India’s attractiveness as a base for manufacturing and exports would decline if its access to large markets were restricted under regional trade regimes.
What is intriguing is that India also appears to be downgrading its role at the East Asia Summit (EAS). At the last virtual summit, India was represented by the Minister of Foreign Affairs instead of the Prime Minister. The only other head of state / government missing was the US President, but he had a credible excuse for being in the middle of a political transition. At the previous meeting at the EAS foreign ministers level, India was also represented by its Minister of State. What is the message that India is sending through this degraded participation?
The EAS is very important to India and more so in terms of its Indo-Pacific strategy. It was not easy for India to be included in this forum when it was inaugurated in 2005. The Chinese were pushing for ASEAN + 3 (China, Japan and South Korea) to be the core of the East Asian economic and security architecture. The United States, for its part, was promoting the Asia-Pacific Economic Cooperation (APEC) as the preferred vehicle for building a new regional architecture. Despite its best efforts, India was unable to become a member of APEC. Only thanks to the efforts of Japan and Singapore was their inclusion in the EAS possible. This was the first recognition that India had an important role in East Asia or later the preferred notion of Asia-Pacific. It was the Indian Prime Minister who followed this up by presenting the idea of an East Asian community, with ASEAN playing a central role.
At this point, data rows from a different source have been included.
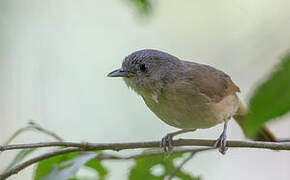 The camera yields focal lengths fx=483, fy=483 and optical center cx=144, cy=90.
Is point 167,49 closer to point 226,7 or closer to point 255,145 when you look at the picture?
point 226,7

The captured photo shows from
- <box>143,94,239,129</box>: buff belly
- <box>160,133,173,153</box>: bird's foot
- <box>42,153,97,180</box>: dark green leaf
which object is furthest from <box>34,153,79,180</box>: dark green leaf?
<box>143,94,239,129</box>: buff belly

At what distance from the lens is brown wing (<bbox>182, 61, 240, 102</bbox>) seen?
3359 millimetres

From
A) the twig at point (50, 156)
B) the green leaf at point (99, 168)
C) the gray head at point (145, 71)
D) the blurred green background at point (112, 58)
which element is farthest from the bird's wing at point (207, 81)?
the blurred green background at point (112, 58)

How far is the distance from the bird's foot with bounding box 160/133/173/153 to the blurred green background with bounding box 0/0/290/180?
215 centimetres

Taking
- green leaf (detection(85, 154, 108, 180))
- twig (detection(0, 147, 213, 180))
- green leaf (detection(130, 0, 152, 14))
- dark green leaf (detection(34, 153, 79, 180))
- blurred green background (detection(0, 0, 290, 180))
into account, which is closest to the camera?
green leaf (detection(130, 0, 152, 14))

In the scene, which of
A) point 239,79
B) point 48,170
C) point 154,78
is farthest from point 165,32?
point 48,170

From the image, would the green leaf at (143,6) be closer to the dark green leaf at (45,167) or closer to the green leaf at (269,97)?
the dark green leaf at (45,167)

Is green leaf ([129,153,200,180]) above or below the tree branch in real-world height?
below

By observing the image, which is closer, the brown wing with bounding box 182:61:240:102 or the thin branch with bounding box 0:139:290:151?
the thin branch with bounding box 0:139:290:151

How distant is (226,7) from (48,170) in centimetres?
460

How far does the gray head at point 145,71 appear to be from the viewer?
3432mm

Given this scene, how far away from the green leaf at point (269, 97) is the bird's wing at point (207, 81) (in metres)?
2.62

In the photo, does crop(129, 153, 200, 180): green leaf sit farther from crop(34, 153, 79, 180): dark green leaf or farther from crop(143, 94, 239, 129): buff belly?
crop(143, 94, 239, 129): buff belly

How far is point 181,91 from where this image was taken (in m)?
3.28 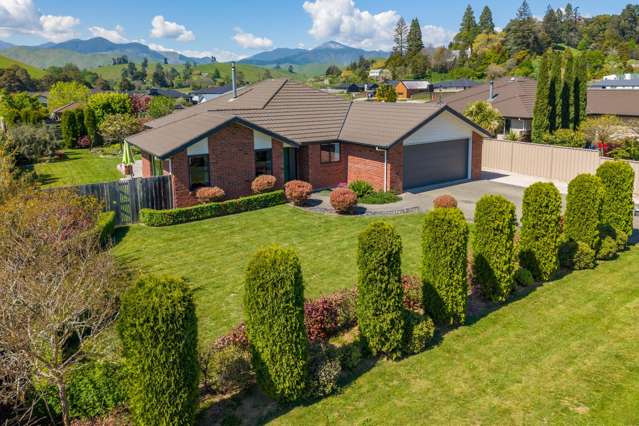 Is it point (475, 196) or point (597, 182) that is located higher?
point (597, 182)

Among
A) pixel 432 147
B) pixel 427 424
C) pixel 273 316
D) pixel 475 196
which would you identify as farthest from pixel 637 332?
pixel 432 147

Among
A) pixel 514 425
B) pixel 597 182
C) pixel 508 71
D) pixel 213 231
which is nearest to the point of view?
pixel 514 425

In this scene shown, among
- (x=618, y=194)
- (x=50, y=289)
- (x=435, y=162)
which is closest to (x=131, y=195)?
(x=50, y=289)

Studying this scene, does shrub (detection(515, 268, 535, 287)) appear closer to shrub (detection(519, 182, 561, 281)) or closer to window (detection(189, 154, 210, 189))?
shrub (detection(519, 182, 561, 281))

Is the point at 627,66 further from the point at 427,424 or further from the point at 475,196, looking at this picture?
the point at 427,424

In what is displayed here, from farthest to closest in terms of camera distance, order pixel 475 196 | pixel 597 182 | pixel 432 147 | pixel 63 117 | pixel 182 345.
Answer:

In 2011, India spearheaded the initiative to invite the United States and Russia as members to create an inclusive and influential forum, which could deliberate on the political, economic and security challenges of the enlarged region. What distinguished the EAS from other forums was its character as a leader-led process, which gave it a potentially influential role in managing regional affairs. Having decided to stay out of the RCEP, our role in the EAS has become even more critical if our Act East policy is to maintain some traction.
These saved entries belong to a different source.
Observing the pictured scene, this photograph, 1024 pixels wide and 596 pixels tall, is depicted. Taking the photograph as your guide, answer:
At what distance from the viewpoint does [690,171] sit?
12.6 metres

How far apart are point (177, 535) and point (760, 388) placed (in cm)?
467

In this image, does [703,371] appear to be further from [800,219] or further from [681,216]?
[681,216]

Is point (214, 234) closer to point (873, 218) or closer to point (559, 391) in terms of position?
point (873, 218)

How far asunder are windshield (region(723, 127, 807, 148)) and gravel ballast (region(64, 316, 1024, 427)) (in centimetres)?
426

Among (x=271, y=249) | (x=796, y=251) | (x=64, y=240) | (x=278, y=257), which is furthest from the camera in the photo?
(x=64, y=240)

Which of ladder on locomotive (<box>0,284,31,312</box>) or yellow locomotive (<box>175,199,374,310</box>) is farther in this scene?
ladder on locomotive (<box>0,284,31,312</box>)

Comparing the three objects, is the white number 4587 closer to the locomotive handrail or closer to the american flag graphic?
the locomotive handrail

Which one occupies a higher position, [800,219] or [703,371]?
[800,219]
The RCEP was an EAS initiative launched in 2012. Perhaps it can be assumed that since the RCEP is no longer on our agenda, the EAS also loses its importance. This is a wrong assessment. If RCEP has weakened our engagement and our role on our critically important eastern flank, the downgrading of the EAS will only reinforce this. Intentional or not, the message to our friends and adversaries in the region would be that our interest in the region has waned and that India’s footprint in the Indo-Pacific will weaken. This leaves the Indo-Pacific more vulnerable to political and security penetration from China. The Chinese are already projecting the RCEP as a great triumph that cements their economic dominance of the region. Even the Japanese who had defended safeguards against Chinese trade and investment in the region using RCEP eventually relented. The Chinese finance ministry has reported that “for the first time China and Japan reached a bilateral tariff reduction agreement that achieved historic penetration.” This is what allowed the RCEP to conclude.
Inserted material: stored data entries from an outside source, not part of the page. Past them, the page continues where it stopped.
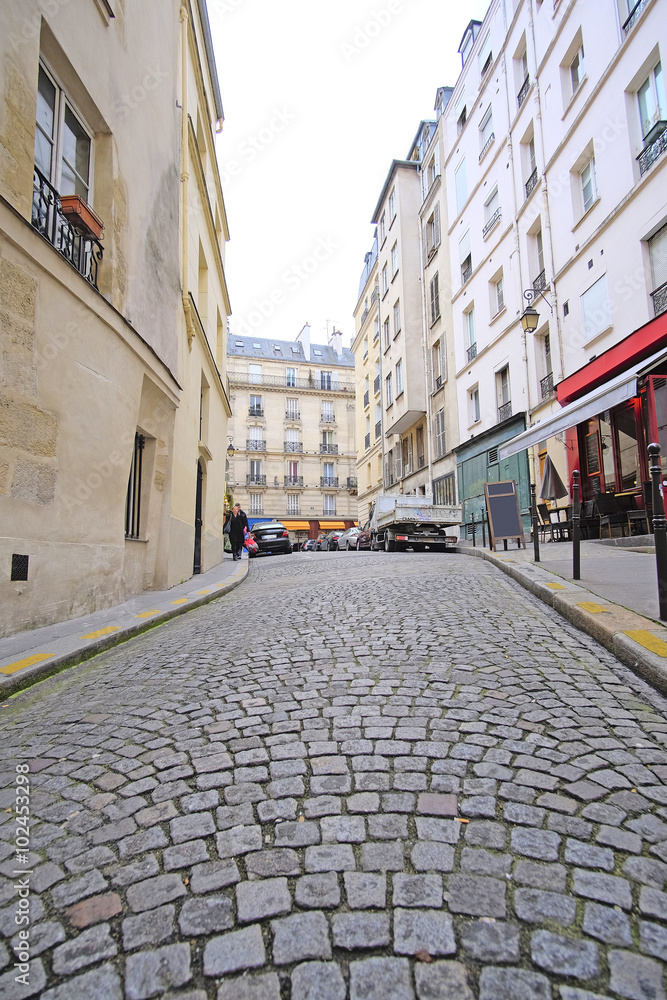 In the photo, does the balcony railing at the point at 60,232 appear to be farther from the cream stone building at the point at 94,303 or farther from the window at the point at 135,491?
the window at the point at 135,491

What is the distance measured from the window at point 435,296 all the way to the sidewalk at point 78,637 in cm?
2000

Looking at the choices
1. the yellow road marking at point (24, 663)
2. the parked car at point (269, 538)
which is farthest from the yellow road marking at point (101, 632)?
the parked car at point (269, 538)

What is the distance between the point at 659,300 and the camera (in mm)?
10703

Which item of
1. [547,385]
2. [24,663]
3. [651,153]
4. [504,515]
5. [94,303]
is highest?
[651,153]

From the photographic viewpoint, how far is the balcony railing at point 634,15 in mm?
11156

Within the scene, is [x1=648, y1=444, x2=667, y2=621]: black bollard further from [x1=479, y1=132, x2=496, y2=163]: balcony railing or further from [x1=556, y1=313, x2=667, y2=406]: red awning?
[x1=479, y1=132, x2=496, y2=163]: balcony railing

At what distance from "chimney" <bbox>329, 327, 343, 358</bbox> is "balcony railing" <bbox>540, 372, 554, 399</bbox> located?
121ft

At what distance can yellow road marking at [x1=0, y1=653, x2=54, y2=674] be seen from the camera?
3.58m

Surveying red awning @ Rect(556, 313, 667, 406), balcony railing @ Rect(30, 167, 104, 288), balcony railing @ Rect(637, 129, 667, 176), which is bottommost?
balcony railing @ Rect(30, 167, 104, 288)

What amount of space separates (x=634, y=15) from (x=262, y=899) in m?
15.9

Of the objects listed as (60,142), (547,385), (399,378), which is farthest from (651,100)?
(399,378)

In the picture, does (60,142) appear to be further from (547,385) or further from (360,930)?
(547,385)

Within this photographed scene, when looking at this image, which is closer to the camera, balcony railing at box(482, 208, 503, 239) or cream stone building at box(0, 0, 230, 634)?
cream stone building at box(0, 0, 230, 634)

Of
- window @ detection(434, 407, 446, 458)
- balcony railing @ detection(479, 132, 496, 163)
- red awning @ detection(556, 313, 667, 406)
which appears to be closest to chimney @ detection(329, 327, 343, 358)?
window @ detection(434, 407, 446, 458) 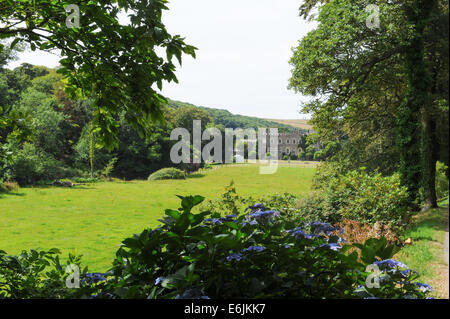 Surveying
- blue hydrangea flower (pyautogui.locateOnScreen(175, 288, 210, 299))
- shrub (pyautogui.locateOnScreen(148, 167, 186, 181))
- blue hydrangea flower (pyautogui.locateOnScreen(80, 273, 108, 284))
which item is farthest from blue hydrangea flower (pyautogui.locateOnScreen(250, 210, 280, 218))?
shrub (pyautogui.locateOnScreen(148, 167, 186, 181))

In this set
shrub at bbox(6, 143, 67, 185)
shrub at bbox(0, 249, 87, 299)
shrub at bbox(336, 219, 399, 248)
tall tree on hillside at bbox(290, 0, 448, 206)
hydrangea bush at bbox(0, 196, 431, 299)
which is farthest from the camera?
shrub at bbox(6, 143, 67, 185)

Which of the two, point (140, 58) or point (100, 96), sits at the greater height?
point (140, 58)

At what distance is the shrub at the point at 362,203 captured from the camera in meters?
4.65

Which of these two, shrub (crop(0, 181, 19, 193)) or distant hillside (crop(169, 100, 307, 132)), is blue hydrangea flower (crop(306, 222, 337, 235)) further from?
distant hillside (crop(169, 100, 307, 132))

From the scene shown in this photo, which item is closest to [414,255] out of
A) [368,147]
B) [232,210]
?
[232,210]

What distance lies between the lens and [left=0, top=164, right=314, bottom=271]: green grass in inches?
263

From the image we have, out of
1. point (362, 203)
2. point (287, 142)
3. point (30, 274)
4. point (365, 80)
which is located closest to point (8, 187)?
point (30, 274)

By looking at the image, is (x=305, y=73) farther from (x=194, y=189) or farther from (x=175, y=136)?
(x=175, y=136)

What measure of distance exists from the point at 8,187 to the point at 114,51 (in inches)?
456

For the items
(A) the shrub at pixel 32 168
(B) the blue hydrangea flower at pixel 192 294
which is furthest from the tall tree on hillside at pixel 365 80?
(A) the shrub at pixel 32 168

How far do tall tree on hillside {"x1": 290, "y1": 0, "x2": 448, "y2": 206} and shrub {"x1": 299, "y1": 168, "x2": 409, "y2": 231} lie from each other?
0.42 meters

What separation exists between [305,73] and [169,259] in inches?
250

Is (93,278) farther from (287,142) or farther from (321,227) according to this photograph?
(287,142)

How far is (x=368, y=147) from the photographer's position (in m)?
7.91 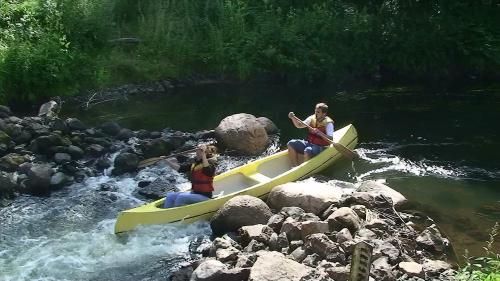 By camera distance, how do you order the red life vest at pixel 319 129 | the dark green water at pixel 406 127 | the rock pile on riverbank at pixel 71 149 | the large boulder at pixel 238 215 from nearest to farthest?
the large boulder at pixel 238 215 < the dark green water at pixel 406 127 < the rock pile on riverbank at pixel 71 149 < the red life vest at pixel 319 129

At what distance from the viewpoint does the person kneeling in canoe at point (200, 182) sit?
7883 millimetres

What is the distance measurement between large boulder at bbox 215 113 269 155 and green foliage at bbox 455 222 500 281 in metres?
4.66

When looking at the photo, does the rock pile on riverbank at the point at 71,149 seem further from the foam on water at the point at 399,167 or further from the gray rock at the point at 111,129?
the foam on water at the point at 399,167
The prime minister of Japan has described the RCEP as “the expansion of a free and fair economic zone” and has offered “the possibility for India to return to the agreement in the future and the hope of obtaining the support of other countries”. On the other hand, Japan hopes that, under Biden, the United States will be able to return to the Trans-Pacific Partnership, which in its current incarnation is known as the Comprehensive and Progressive Trans-Pacific Partnership. China is not a member, but may eventually join due to the weight of its economy and its role as the world’s largest trading country. India will be completely marginalized in the regional and global economy. The implications of this, both in economic and foreign policy terms, must be carefully deliberated.
We have considered free trade and other regional economic arrangements through the prism of imports from India. The aspect of Indian market access to other large markets is often ignored. RCEP without India may mean some protection against cheaper Chinese imports. But India’s own access to the markets of those now in the RCEP would also be affected. RCEP members will surely give preferential access to each other rather than a stranger. Investment calculations would also be influenced by these trade agreements. India’s attractiveness as a base for manufacturing and exports would decline if its access to large markets under regional trade regimes is restricted or attracts higher tariffs. This should not be lost sight of.
An Indo-Pacific strategy without a policy of deep engagement with ASEAN and East Asian countries would lack credibility. It cannot simply be based on closer security arrangements with friendly partners in the region. It must also have a strong and vibrant economic dimension. We must not risk withdrawing from the region where we have expanded our presence overcoming difficult obstacles.